According to Gottsman, it's best to tackle this conversation long before the holiday, so guests aren't blindsided (and can make alternate plans if need be). When getting ready to speak with your tentative Thanksgiving guests, the first step is to tread gently and avoid picking a fight. "Include statements like, 'This may be a tricky conversation. I'm going to work hard to maintain a 'high road' stance. It would mean the world to me if you'd work at this, as well,' or 'We may radically disagree about the topic I'm broaching. I will do everything in my power to be honest and to hear you in your honesty. Even if that's all we can do—we'll be doing this well,'" Gottsman suggests.
If you know that your positions on the vaccine differ, notes Doreen Dodgen-Magee, a psychologist and the author of Restart: Designing a Healthy Post-Pandemic Life ($25, amazon.com), and you aren't able to dialogue successfully, don't continue the conversation. If you need to quickly disengage, state, "I'm feeling really surprised right now, and that makes this a bad time for us to discuss this," or "I feel so strongly about this topic, that it's always a bit disorienting when someone I'm really connected to and I disagree. I'm in that space right now," suggests Dodgen-Magee. In that vein, it's important to be prepared—expect emotions to run high. "Recognize that these are difficult moments to work through," she shares. "Give yourself and the other person a bit of time and space. If either of you feel reactive and unable to work through the feelings in a way that is respectful of self or other, step away from the conversation and find a way to get grounded."

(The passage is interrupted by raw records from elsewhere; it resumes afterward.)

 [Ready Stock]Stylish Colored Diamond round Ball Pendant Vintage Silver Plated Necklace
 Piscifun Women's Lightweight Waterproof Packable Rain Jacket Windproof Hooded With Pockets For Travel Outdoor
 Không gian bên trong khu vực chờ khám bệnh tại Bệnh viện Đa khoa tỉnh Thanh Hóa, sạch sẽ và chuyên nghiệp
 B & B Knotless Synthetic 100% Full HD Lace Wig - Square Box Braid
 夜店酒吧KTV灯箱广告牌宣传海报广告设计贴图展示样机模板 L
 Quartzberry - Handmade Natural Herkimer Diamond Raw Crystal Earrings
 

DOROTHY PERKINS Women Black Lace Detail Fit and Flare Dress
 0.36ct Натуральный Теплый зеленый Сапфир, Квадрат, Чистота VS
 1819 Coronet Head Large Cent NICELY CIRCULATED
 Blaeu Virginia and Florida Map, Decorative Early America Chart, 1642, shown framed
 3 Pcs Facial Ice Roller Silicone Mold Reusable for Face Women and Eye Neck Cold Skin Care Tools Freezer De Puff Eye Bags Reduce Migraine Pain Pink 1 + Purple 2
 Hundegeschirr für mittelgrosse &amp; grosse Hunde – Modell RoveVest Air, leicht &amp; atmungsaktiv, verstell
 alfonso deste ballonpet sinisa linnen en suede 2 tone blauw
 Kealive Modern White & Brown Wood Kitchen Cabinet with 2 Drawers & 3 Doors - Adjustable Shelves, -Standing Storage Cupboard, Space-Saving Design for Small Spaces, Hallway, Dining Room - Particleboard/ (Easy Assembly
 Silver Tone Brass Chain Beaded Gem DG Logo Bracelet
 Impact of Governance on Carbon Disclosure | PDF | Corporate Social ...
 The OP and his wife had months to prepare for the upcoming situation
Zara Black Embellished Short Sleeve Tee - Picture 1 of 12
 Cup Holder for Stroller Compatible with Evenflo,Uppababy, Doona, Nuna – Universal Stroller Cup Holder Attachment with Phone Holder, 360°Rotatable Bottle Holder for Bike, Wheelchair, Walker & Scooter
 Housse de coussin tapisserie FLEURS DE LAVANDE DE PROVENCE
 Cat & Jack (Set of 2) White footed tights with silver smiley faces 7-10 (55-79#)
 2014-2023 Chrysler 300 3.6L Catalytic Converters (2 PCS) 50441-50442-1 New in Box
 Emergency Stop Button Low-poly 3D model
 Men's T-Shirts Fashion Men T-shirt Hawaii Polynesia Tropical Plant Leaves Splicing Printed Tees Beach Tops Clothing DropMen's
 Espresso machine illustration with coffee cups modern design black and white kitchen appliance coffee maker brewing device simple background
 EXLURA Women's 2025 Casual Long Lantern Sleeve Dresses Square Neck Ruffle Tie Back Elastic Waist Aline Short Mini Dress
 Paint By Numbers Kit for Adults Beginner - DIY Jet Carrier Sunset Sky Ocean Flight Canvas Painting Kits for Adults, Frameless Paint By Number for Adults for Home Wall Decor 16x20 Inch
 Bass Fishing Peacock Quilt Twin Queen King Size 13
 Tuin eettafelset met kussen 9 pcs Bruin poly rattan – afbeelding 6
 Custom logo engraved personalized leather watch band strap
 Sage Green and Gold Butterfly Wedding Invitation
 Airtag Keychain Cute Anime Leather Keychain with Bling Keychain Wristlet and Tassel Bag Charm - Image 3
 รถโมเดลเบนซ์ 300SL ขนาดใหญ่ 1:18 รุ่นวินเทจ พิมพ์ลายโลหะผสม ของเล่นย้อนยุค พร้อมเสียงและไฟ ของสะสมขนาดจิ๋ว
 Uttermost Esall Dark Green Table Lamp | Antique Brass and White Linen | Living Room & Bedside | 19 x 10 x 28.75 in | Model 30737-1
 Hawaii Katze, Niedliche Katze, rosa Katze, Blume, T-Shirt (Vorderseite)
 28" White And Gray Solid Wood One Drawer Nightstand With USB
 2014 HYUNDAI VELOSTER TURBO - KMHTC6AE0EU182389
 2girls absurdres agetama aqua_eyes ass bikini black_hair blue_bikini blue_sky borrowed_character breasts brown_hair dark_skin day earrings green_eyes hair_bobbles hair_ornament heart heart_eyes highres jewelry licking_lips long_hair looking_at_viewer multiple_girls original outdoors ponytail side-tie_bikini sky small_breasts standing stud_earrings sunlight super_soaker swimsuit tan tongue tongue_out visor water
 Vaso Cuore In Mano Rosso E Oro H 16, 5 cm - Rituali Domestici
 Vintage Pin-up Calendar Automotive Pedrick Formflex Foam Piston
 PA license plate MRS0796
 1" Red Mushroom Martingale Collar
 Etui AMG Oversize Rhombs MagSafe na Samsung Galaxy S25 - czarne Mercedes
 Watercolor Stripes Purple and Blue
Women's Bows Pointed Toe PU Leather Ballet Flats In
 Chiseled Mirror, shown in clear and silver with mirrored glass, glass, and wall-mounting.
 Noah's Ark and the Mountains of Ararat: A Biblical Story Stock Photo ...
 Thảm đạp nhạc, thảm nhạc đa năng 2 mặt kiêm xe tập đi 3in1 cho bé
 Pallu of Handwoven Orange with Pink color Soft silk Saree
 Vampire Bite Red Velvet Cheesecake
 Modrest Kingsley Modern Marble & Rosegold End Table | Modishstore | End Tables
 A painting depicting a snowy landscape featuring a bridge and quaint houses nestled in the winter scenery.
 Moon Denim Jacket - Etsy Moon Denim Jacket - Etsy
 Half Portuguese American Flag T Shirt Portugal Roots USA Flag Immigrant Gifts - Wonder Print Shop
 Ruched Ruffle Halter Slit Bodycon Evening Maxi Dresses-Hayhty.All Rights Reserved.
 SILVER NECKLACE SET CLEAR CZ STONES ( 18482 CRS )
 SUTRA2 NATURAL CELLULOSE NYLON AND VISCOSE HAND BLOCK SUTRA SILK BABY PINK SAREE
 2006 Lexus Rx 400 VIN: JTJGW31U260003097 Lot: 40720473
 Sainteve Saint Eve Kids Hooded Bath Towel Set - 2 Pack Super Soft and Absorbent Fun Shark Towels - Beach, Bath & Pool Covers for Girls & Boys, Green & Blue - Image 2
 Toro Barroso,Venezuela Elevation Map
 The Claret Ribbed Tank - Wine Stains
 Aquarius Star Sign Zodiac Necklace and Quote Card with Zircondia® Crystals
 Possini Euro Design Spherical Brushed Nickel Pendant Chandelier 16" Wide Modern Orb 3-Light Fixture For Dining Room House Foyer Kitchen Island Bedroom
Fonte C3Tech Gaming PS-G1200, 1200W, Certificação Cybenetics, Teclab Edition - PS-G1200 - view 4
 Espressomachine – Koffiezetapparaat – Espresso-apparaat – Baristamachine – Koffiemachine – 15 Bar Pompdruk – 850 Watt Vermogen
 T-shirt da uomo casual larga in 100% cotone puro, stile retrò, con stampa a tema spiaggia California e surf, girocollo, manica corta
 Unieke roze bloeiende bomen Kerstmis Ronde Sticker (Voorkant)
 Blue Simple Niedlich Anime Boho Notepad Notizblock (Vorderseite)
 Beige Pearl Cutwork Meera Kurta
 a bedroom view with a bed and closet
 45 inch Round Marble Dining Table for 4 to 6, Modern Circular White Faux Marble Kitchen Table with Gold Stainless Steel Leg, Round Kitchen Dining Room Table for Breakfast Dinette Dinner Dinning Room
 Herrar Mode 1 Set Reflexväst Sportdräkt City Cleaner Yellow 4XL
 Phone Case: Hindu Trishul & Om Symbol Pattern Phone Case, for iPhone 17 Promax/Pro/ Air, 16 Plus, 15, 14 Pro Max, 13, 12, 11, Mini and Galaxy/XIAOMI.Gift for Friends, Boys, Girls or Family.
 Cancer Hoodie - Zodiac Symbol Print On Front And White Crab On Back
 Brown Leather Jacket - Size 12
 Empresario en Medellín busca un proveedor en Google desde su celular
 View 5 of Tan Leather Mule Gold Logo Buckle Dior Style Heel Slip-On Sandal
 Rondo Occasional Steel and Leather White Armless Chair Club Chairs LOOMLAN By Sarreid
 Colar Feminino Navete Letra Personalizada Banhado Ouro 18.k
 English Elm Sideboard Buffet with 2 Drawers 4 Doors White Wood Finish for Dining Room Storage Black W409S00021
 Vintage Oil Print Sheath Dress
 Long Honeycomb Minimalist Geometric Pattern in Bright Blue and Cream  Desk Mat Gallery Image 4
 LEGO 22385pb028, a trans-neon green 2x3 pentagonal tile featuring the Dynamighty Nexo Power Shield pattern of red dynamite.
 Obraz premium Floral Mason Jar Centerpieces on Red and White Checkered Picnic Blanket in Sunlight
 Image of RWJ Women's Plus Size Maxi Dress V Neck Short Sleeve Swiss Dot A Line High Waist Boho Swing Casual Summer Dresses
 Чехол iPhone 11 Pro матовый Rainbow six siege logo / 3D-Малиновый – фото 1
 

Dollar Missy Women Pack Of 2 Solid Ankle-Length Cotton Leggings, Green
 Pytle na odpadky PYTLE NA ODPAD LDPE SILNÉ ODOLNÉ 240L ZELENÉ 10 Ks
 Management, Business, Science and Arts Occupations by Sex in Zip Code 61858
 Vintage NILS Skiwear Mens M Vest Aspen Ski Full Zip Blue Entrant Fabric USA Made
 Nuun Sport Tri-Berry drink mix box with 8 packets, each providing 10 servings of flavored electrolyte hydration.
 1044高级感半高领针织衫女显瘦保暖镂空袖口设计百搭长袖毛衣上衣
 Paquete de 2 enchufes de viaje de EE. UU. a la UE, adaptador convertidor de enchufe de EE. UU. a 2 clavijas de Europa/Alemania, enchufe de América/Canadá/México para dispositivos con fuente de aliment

Dodgen-Magee says to be direct and clear about your boundaries regarding the event. "Don't dance around the topic and don't be harsh," she says. "Make statements and ask questions as succinctly and clearly as possible with phrases like, 'I am not comfortable eating indoors with people unless all parties (with the exception of children) are vaccinated. Does this sync with or conflict with your thoughts on the topic?,' or 'I am okay with doing a Thanksgiving together if everyone is vaccinated, masked, and socially distanced.'" Feel free to speak to the Delta variant, she adds. Try, "With the new variants at play, I feel a real need for everyone to consent to the arrangements we make for Thanksgiving" or "I am vaccinated and my family is vaccinated. We are not comfortable eating indoors with people unless they, too, are vaccinated. Have you and your family chosen to take the vaccine?"
Commit to your stance.
"Don't negotiate when feelings are stirred," says Dodgen-Magee. "If you find that someone isn't vaccinated and you are only comfortable inviting vaccinated folks, don't try to work out a compromise in the moment." Instead, be firm and respond accordingly: "It looks like we may need to forego being together this Thanksgiving since we're on different pages. I'm sad about that, and that's really all I can say right now."
Be transparent with each and every one of your guests.
If you are open to it, you can require that your guests show proof of a negative COVID-19 test—in lieu of a vaccination card—taken one day ahead of the event, says Gottsman. "Admittedly, this is not a conversation we would have had pre-COVID, but the virus has taken its toll and people have lost their lives," she shares. "This is not the time to let your guard down." And while "vaccination can be a hot topic," Gottsman says, transparency—which allows your invited guests to make the right decisions for their own families—is critical, especially if you take the negative test (as opposed to full vaccination) route. "If you're gathering and will have a large number of people, your guests should know whether or not there will be some unvaccinated individuals," she says.